Why did +30% of union households vote Gov. Walker? Was Barrett just not a good candidate, and people voted the person rather the ideologue? That Mayor Barrett lost by 4 more points than he did in 2010 not register with the Dems?
Here in Troy, where embattled Mayor Janice Daniels has created epic failures across the board, the idea of a recall is simply a vote of no confidence, and a reminder to do one’s job. Signatures are being gathered for a recall in the city, but even when we get to that bridge, I think most of us would rather our public officials serve the whole term, in good or bad times.
While many decry the term is already too long, the real truth is that nothing much has changed here in town. There’s still some construction, a few sidewalks getting unearthed, and the city hasn’t burnt to the ground.
In Wisconsin, it’s pretty much the same thing. Unemployment is proportionally lower, jobs aren’t shedding, and some reforms that the WIGOP have passed are pretty decent.
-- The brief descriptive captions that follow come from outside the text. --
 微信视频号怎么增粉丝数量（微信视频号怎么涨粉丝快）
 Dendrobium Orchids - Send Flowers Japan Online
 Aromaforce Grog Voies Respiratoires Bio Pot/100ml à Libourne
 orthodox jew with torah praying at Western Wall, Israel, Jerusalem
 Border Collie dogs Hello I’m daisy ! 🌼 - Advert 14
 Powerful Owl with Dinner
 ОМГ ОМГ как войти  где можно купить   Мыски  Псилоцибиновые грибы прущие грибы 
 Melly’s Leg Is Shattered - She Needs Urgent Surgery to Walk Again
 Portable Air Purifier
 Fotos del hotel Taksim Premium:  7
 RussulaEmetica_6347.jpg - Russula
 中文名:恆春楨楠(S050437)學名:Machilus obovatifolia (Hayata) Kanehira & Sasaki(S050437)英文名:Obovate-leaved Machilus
Some were sorta cheap shots, but in the end, the process is solid, and the budget is remarkably tamed without horror and chaos.
And when the election returns show an even better turnout than the midterms, Wisconsin Dems might want to realize the next step has national implications. While the polls still put President Obama ahead, tonight’s elections may have permanently shifted the winds of Wisconsin back to the right. And the winds may stay high through November, because there’s a gap where President Obama can’t come to Madison or Milwaukee without getting considerable flack.
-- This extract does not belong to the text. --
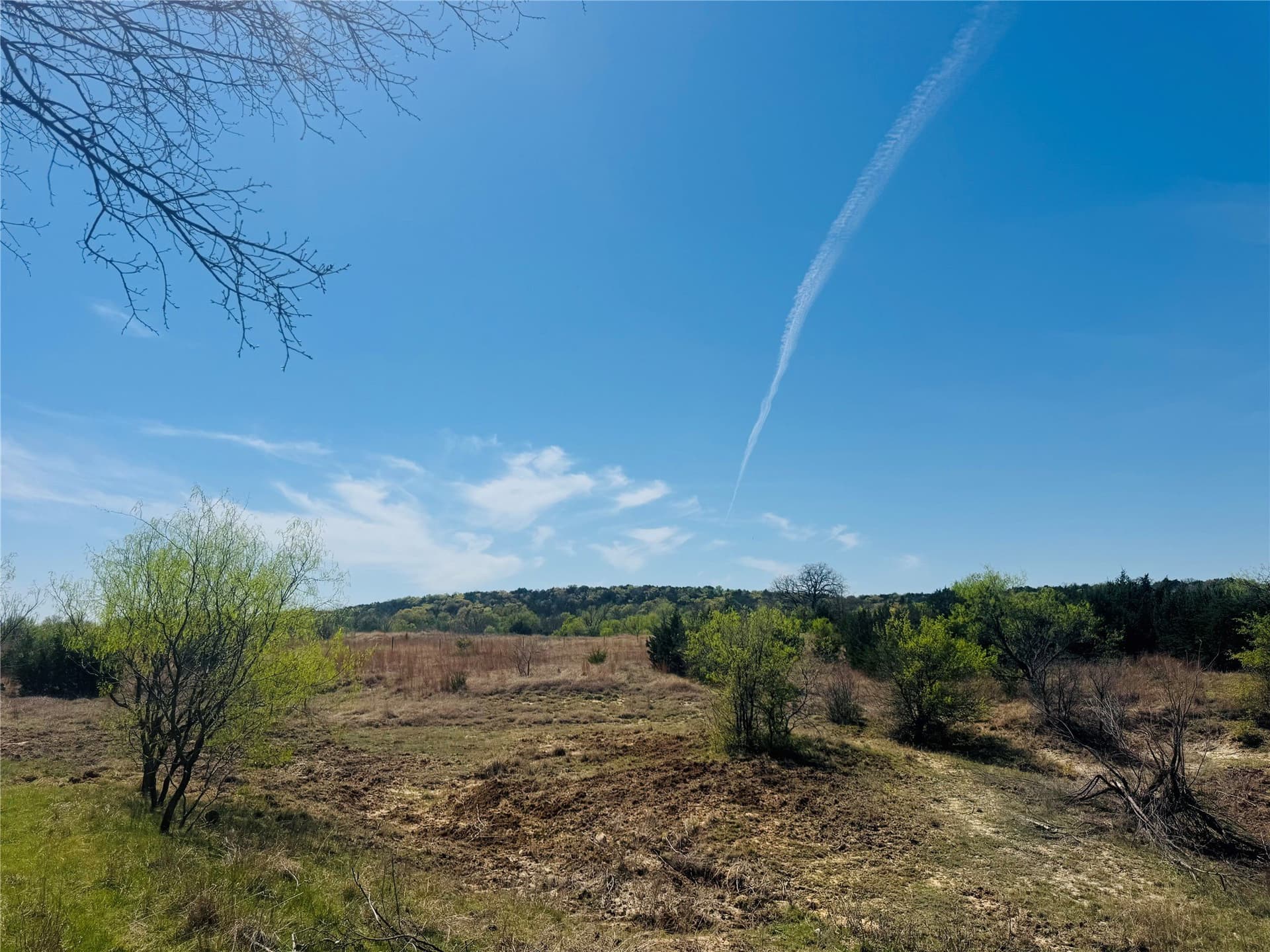 13.75 acres in Eastland County - photo 10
Wisconsin conservatives should thank the Dems on this. Everyone wants a piece of the savior of the Republic, and we should see talk of Wisconsin leaning red in the next few weeks. And that wasn’t part of the wager, was it, Wisconsin Dems?
**Morning update** Seems in the Wisconsin State Senate, of 4 races that were in the recall election, one Democrat has actually won. Challenger John Lehman was up against Wisconsin State Senator Van H. Wanggaard, and won by 800 votes. While FoxNews won’t admit it, the Wisconsin State Senate is now controlled by the WIDems. Too close to call means it’s actually too close to call. And to be honest, Gov. Walker won. let the Dems have the gridlock, eh? Mako out.